Word for Word's provocative staging of Danielle Evans’ short story delves into one of the era's obsessive questions

Many years ago, I wrote a play review that didn’t sit well with the director. She’d deviated from the racially charged text (which wasn’t that great to begin with) by having a PoC actor as the villain who stalks and terrorizes a white woman as rap music plays. Oh, and he was made to resemble Trayvon Martin.

After writing how blatantly racist this was, the director contacted me directly. She then spent the next day-and-a-half—long after I’d stopped replying—sending me e-mails that 1) tried to explain her intent (which means nothing compared to what actually landed on stage), 2) tried defend the casting and rap music in a way that more or less had her defending blackface, and 3) tried to explain racism in general to my Black ass.

This woman was a local theatre “luminary” who made pro-BLM posts on social media after George Floyd’s murder. I remember laughing at that, reminiscing how I have an archived e-mail thread of this woman whitesplaining her racist artistic choices to me.

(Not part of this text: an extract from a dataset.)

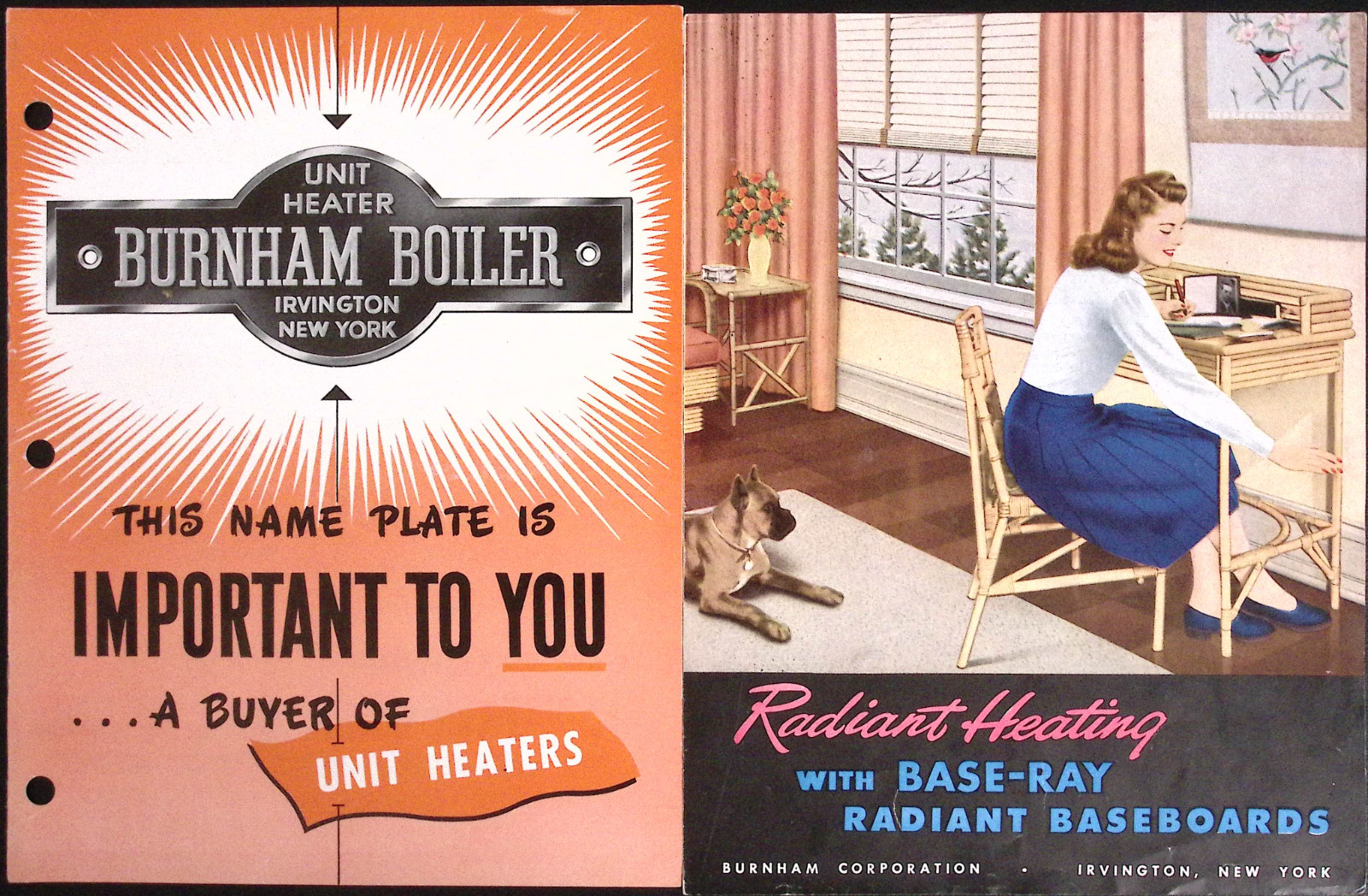 1948 Burnham Boiler Unit Heater Base Ray Radiant Heater Irvington NY Brochure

You can probably guess why this came to mind the opening night of Boys Go to Jupiter (through July 31 at Z Space). The “play”—actually a staging of Danielle Evans’ short story, complete with narrative prose—centers on a young white woman who, after being called out for her racial insensitivity, decides to dig in her heels rather than evolve from the experience. Then again, the characters are from the South, whose privileged population overall doesn’t think highly of evolution.

The young white woman in question is collegiate Claire (FaultLine Theater’s Ciera Eis as the only cast member to play only one character). Despite being a pretty smart gal, she falls for pickup-drivin’ good ol’ boy Jackson (Brennan Pickman-Thoon), whom she placates by letting him take a photo of her wearing a Confederate flag two-piece and holding a Bud Light tall can.

Aidaa Peerzada and Ciera Eis in ‘Boys Go to Jupiter’ Photo by Cabure Bonugli / Shot in the City

He posts it on Facebook, where her Black dorm-mate Carmen (Aidaa Peerzada)—with whom Claire has barely shared 10 words—sees the photo and comments on it. Suffice it to say, shit hits the fan and Claire suddenly finds herself ostracized before she takes advice from Campus Libertarians prez Robert (Evan Held) and is all but disowned by her father (Joel Mullennix) and step-mother (Courtney Walsh).

This being the digital age, it doesn’t take long before folks dig through Claire’s past. That’s when she’s forced to relive her Virginia childhood, when she had a Black best friend, Angela (Ije Success), who had a nerdy brother, Aaron (Tre’Vonne Bell), obsessed with astronomy—particularly the planet Jupiter. The fact that Claire’s childhood friends aren’t part of her new life may explain a few things, if she bothered to listen.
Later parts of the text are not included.